(Recorded data)

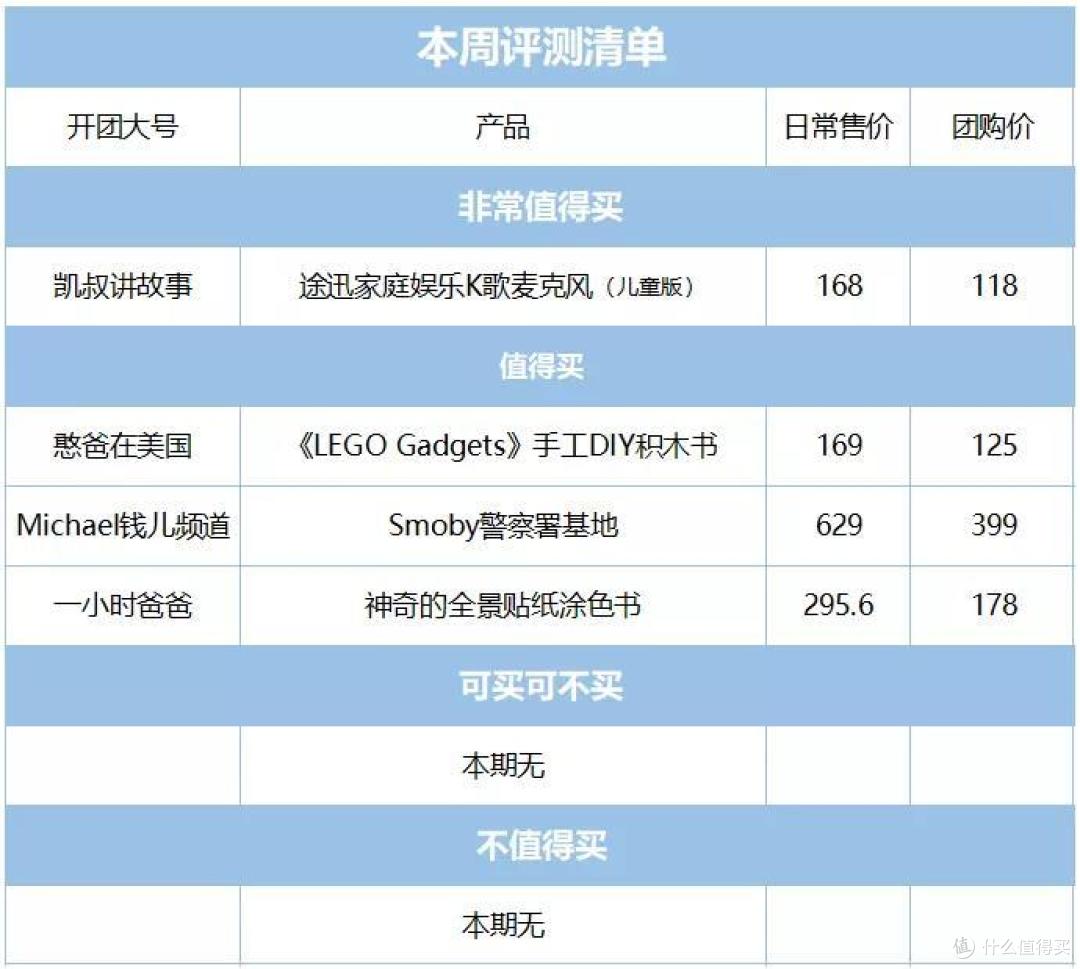 毛爸聊玩具：这款玩具可能会成为团购爆款 | 团购纪检委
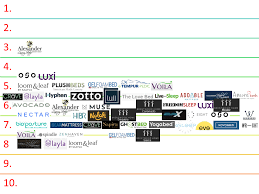 Mattress Firmness Guide 2021 Choosing The Right Mattress Firmness Memory Foam Talk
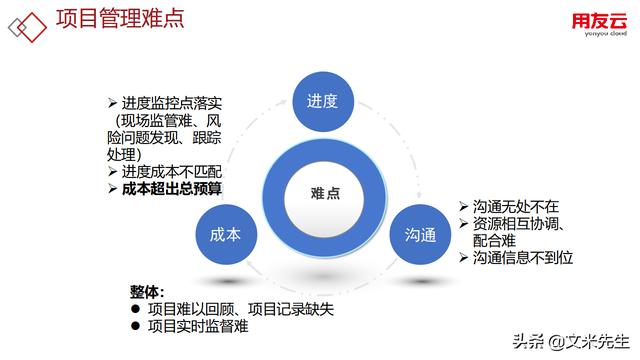 工程項(xiàng)目管理如何做？56頁用友公司工程項(xiàng)目管理方案，系統(tǒng)專業(yè)（用友 工程項(xiàng)目管理軟件）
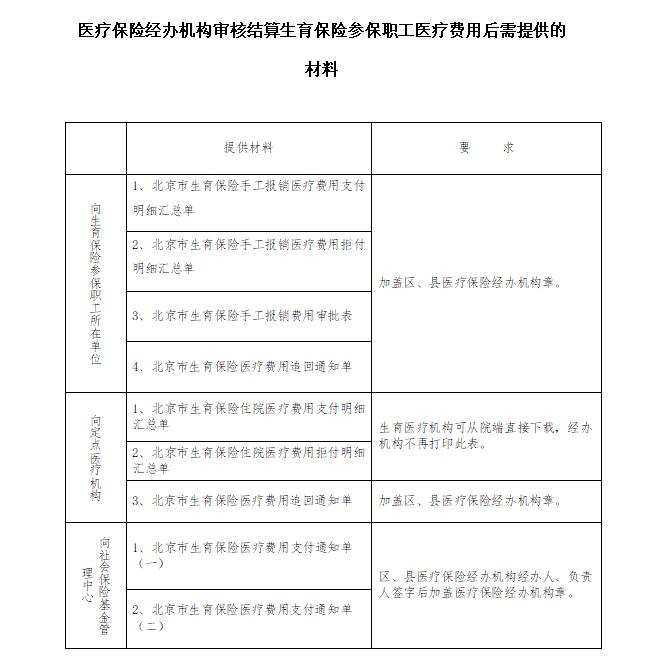 Materials to be provided by the medical insurance agency after reviewing and settling the medical expenses of the employees insured by maternity insurance. jpg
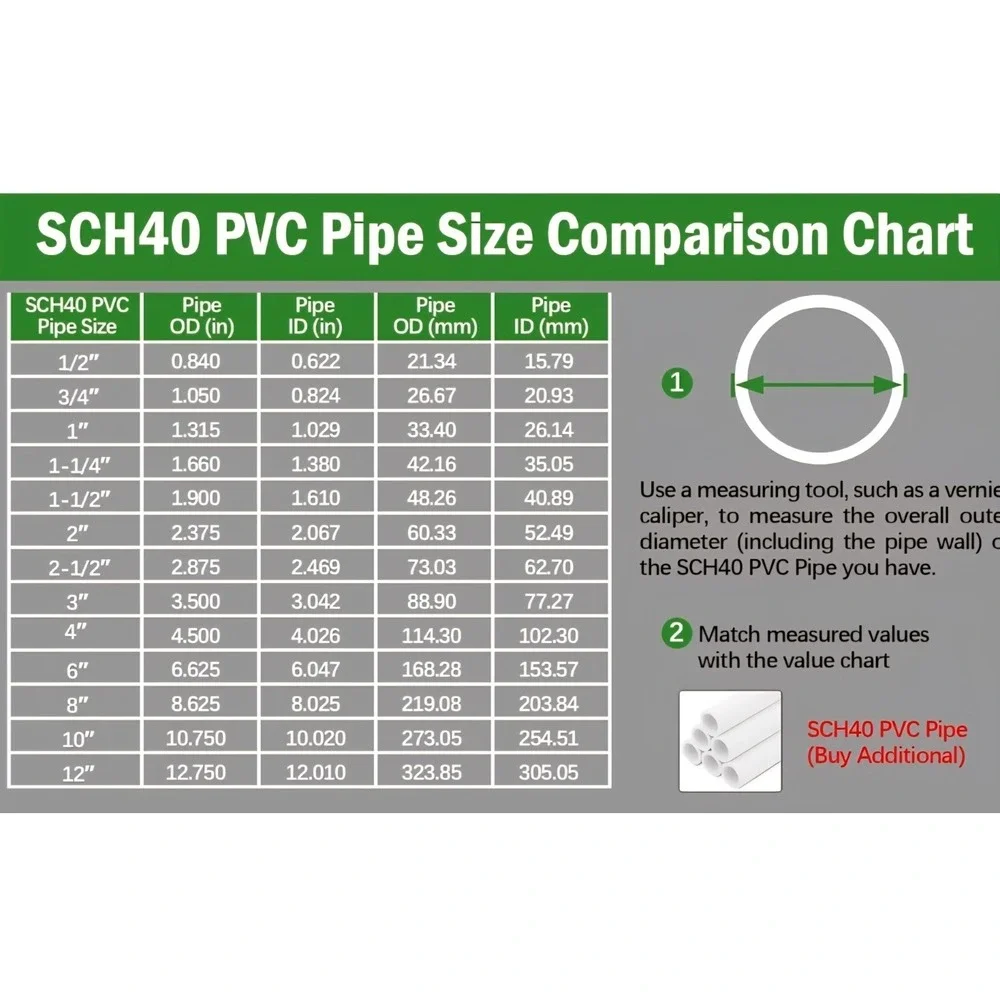 4 Pc‎ - 4 Way PVC Pipe Fittings 2 Inch  White PVC Elbow Corner Side Outlet T
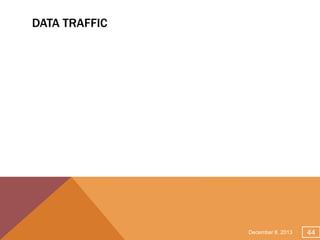 DATA TRAFFIC

December 8, 2013

44

 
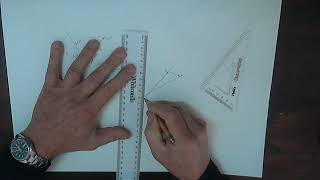 Resultant and equilibrant force vectors   Graphical method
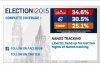 CTV - Oct 3 NANOS Tracking.JPG
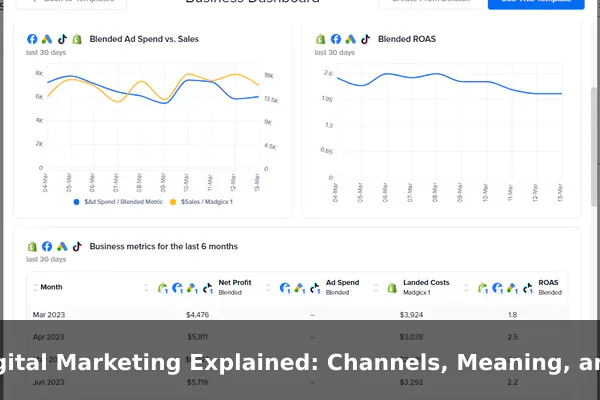 Digital Marketing Explained: Channels, Meaning, and Real Examples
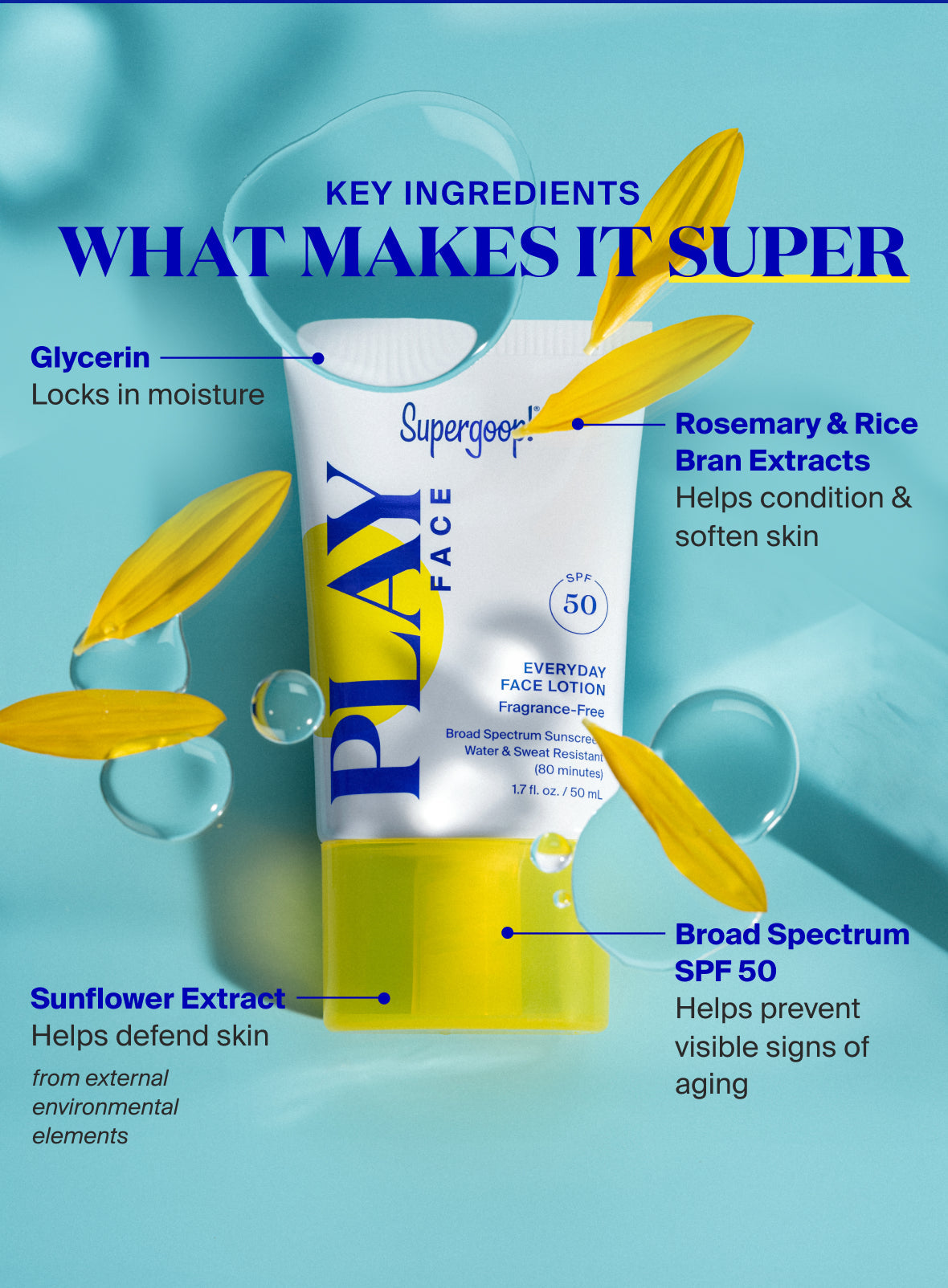 PLAY Poolside SPF Set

What the exercise asks: Copy all records exactly, no images.

Solution for this problem:
 毛爸聊玩具：这款玩具可能会成为团购爆款 | 团购纪检委
 Mattress Firmness Guide 2021 Choosing The Right Mattress Firmness Memory Foam Talk
 工程項(xiàng)目管理如何做？56頁用友公司工程項(xiàng)目管理方案，系統(tǒng)專業(yè)（用友 工程項(xiàng)目管理軟件）
 Materials to be provided by the medical insurance agency after reviewing and settling the medical expenses of the employees insured by maternity insurance. jpg
 4 Pc‎ - 4 Way PVC Pipe Fittings 2 Inch  White PVC Elbow Corner Side Outlet T
 DATA TRAFFIC

December 8, 2013

44

 
 Resultant and equilibrant force vectors   Graphical method
 CTV - Oct 3 NANOS Tracking.JPG
 Digital Marketing Explained: Channels, Meaning, and Real Examples
 PLAY Poolside SPF Set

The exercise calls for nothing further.